◆ **Task data**:
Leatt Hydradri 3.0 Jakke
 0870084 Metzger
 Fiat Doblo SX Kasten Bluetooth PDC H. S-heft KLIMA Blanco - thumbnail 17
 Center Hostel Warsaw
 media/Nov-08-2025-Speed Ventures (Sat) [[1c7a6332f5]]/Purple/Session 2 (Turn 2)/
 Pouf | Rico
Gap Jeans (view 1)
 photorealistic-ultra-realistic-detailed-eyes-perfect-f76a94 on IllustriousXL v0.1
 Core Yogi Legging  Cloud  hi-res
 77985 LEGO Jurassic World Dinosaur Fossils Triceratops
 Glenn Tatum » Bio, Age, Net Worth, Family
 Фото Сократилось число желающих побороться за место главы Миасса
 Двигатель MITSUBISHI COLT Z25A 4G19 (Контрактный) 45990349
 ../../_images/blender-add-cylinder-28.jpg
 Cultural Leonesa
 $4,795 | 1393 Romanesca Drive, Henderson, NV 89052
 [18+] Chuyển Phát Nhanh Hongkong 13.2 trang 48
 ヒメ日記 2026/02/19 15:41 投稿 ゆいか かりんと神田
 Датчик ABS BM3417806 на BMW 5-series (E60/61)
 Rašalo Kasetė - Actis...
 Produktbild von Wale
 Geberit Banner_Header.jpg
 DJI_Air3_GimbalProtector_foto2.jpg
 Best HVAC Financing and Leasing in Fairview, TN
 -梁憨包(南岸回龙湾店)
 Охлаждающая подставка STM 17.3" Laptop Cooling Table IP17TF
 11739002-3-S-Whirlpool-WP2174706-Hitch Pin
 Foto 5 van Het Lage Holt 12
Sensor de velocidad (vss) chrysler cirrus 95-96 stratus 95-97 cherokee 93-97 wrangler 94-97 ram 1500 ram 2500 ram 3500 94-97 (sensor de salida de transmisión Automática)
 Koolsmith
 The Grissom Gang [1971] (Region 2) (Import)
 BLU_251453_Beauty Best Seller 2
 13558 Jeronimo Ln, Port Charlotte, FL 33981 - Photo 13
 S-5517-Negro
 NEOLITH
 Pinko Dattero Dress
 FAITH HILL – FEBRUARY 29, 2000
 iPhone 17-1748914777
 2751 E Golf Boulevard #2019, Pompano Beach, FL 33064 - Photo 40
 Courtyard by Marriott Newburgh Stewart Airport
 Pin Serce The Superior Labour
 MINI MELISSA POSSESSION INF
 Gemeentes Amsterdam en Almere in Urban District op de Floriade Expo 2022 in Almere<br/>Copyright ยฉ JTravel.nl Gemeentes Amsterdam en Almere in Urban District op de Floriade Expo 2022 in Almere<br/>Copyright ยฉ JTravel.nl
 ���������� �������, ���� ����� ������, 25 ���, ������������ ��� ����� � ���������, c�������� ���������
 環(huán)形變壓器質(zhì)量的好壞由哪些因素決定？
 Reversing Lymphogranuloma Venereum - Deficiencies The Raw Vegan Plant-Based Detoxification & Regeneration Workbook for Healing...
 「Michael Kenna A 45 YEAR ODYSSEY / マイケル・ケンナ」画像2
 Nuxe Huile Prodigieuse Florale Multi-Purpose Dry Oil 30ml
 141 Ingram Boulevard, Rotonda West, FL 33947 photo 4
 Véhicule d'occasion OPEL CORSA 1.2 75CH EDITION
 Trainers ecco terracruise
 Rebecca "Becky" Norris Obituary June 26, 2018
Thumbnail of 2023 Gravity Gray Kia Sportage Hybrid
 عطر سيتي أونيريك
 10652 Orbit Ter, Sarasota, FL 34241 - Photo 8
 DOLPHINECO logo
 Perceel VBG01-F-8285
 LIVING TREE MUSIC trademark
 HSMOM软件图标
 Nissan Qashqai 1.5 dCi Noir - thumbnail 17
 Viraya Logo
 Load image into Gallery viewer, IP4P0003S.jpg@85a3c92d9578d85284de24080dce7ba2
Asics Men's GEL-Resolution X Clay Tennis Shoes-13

◆ **Your objective**:
Copy each line of the data above that holds "Best".

◆ **Solution for this problem**:
 Best HVAC Financing and Leasing in Fairview, TN
 BLU_251453_Beauty Best Seller 2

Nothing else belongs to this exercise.